The Muslim Brotherhood’s political arm, the Freedom and Justice Party (FJP), gets most of the attention these days when discussing Egypt. Criticism flows easily and the FJP’s reputation has definitely been sullied and bloodied because of their numerous sectarian and undemocratic policies.

But, what appears most remarkable is that the military establishment has been relatively unscathed in the polarized battles that have erupted the last several months. In fact, this is not accidental. It is the result of very clever political maneuvering by the country’s military leaders.

It is certainly true that FJP leader, President Mohamed Morsi, made himself an easy target by recklessly misusing his extensive constitutional authority to appoint cronies and to issue unilateral decrees.

Just in the last few months, he stacked the Constituent Assembly with an unrepresentative majority that wrote a very controversial new constitution lacking internationally recognized rights for women and for workers. It was ultimately passed in December but, notably, with only one third of eligible voters showing up at the polls.

Then, Morsi shocked the nation by issuing a decree disallowing any court oversight of his decisions, an embarrassingly blatant power grab that was formally reversed only after huge public demonstrations.

But the president did not stop there. On the heels of his “hotly contested decree granting the Egyptian president unlimited authority,” as Erin Radford reported in the Dec. 11, 2011 Cairo Review, Morsi’s amendments to the nation’s 1976 trade union law “signals potential suppression of the right to freely form unions.” Radford is Middle East and North Africa program officer at the AFL-CIO supported Solidarity Center in Washington DC.

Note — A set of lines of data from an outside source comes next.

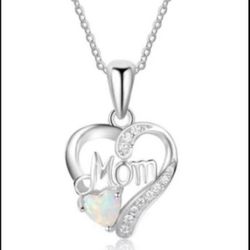 Mom Sterling Silver And Opal Necklace 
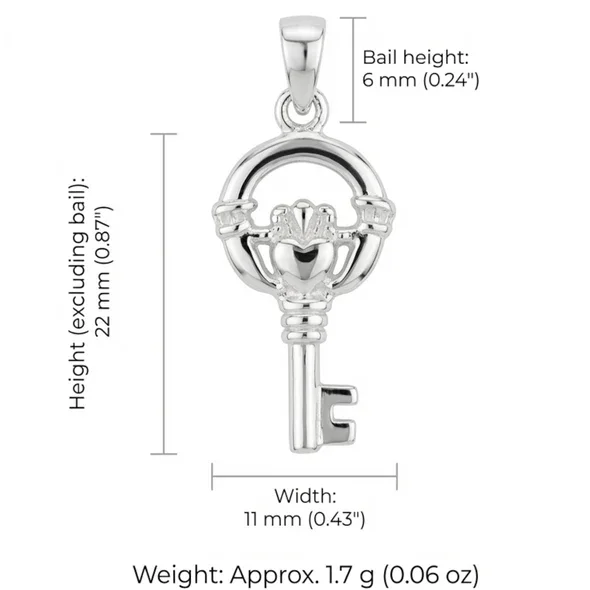 Sterling Silver Claddagh Key Pendant, hands heart and crown motif, high mirror polish, product dimensions shown, width 11mm by height 22mm, bail height 6mm, weight 1.7g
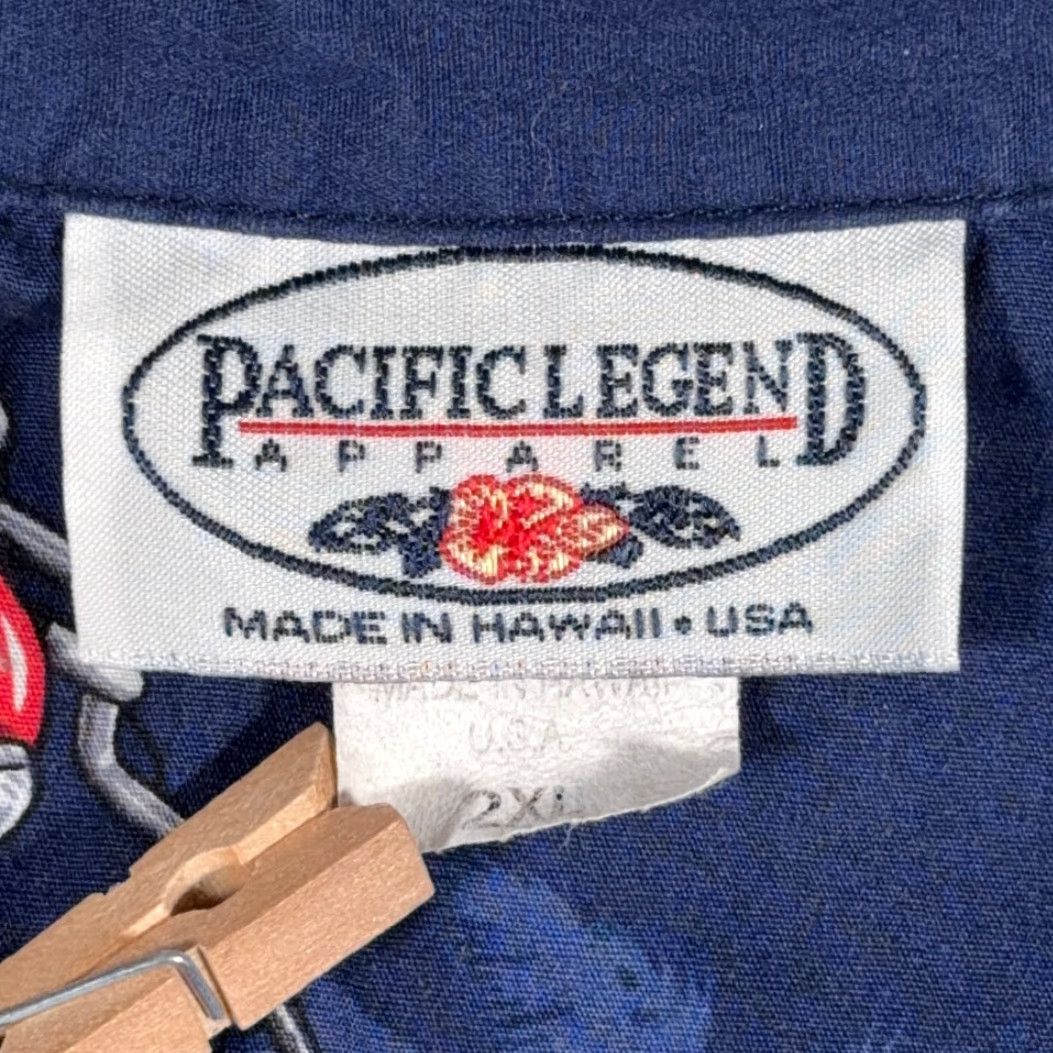 Vintage VINTAGE Pacific Legend Hawaiian Shirt Adult 2XL Blue Motorcycle USA 90s Shirt Mens Short Sleeve Cotton Button-Up Col Size US XXL / EU 58 / 5 - 4 Thumbnail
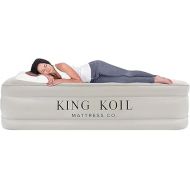 King Koil Luxury Air Mattress with Built-in High Speed Pump for Camping, Home & Guests - Air Mattresses Twin Size Airbed Luxury Inflatable Blow Up Mattress Waterproof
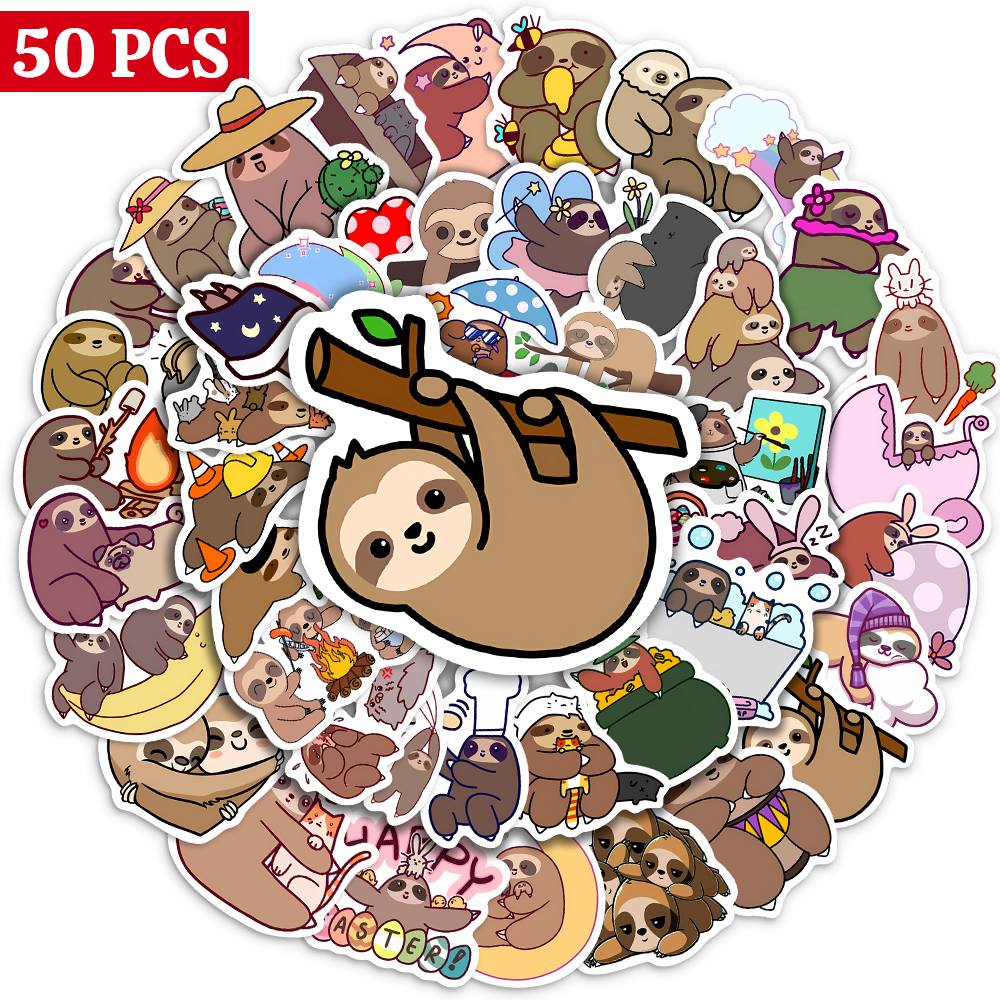 10/25/50PCS Cute Sloth Animal  - مراجعة Home Decor On Sale وسعره
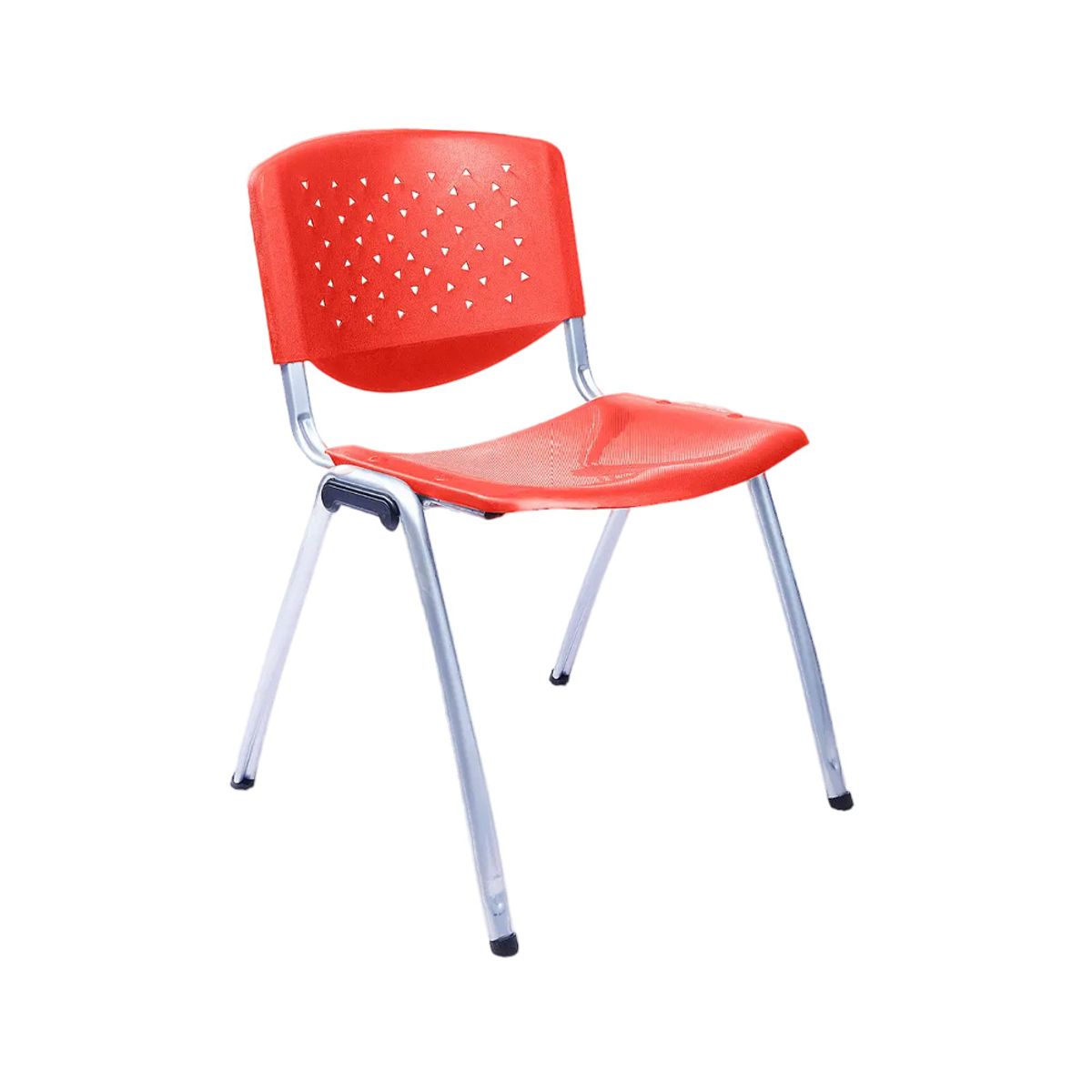 OFIDEAS - Silla de Oficina Visita Prisma Tubo Gris Asiento Rojo Ofideas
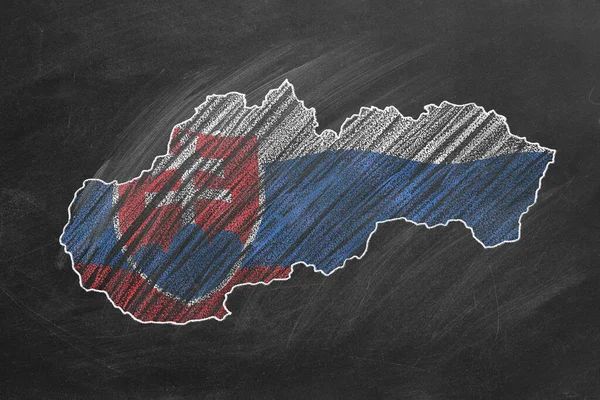 Χάρτης Και Σημαία Της Σλοβακίας Σχέδιο Κιμωλία Έναν Πίνακα Μία — Φωτογραφία Αρχείου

Fatma Ramadan, an executive board member of the Egyptian Federation of Independent Trade Unions (EFITU), also was quoted in Radford’s article warning that “Morsi is clearly preparing a systematic crackdown against Egypt’s union movement, against the right to strike, against the right to organize and against union plurality.”

Igniting further opposition in late December, the president padded his FJP majority in the 270-member upper chamber of parliament by appointing an additional 90 delegates.

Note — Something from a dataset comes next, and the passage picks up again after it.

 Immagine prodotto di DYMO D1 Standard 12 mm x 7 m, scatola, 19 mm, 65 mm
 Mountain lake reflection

These are, indeed, grievously divisive and offensive policies arousing critical attention against the FJP government but it is, nonetheless, still noteworthy that the military is largely given a free pass. How can this happen?

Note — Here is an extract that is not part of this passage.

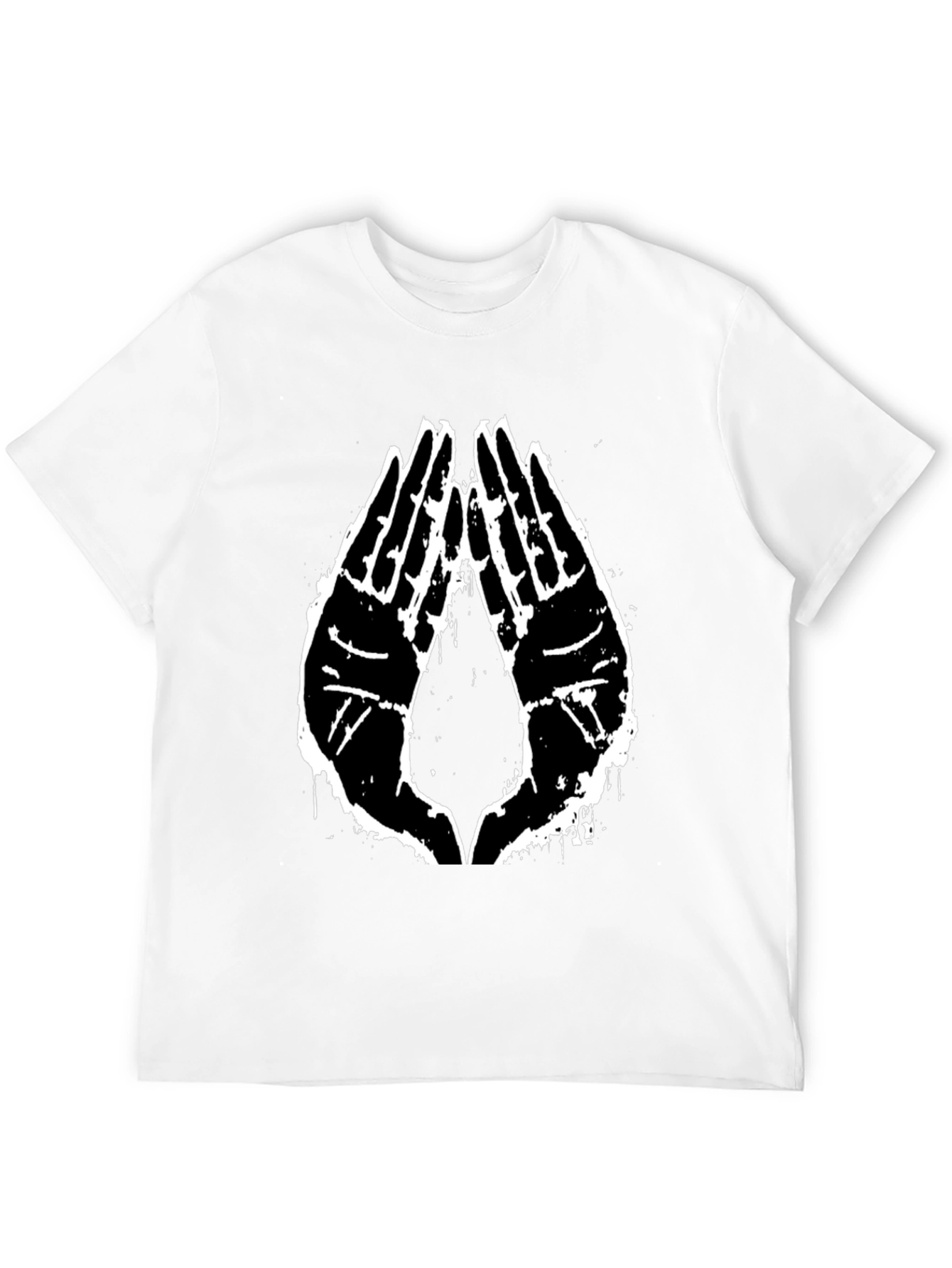 Black Graphic Tee - Praying Hands Design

Since the historic 1952 military officers’ coup overthrowing the constitutional monarchy and ending British occupation, the Egyptian military has very craftily preferred a backstage role, mostly leaving overt repression to the notorious Ministry of Interior and mostly leaving government to nominal civilian rule.

As you might suspect, this is neither altruism nor enlightenment by the corrupt coterie of generals who propped up Mubarak’s decaying regime for 29 years. On the contrary, away from the spotlight, the generals are better able to stealthfully conduct the very lucrative business of accumulating personal wealth and private property.

Credible diplomats, leading academics and scholarly economists generally agree the military controls 15 to 35 percent of the economy. The wide variance in estimates is itself testimony to the secretive nature of these military dealings and it has gotten even worse under the FJP government.

The military has never had civilian oversight and the new constitution written largely under Muslim Brotherhood influence has even further “immunized it against accountability” writes Cairo University professor Dina El Khawaga in the Dec. 27, 2012 Egypt Independent. 

In fact, even with a new post-Mubarak constitution, it is still a mystery how large the military budget actually is, how much property the military owns and how billions of U.S. aid dollars are spent. This data is considered a state secret. Neither the government nor the new constitution challenges any of these privileges of the Supreme Command of the Armed Forces (SCAF).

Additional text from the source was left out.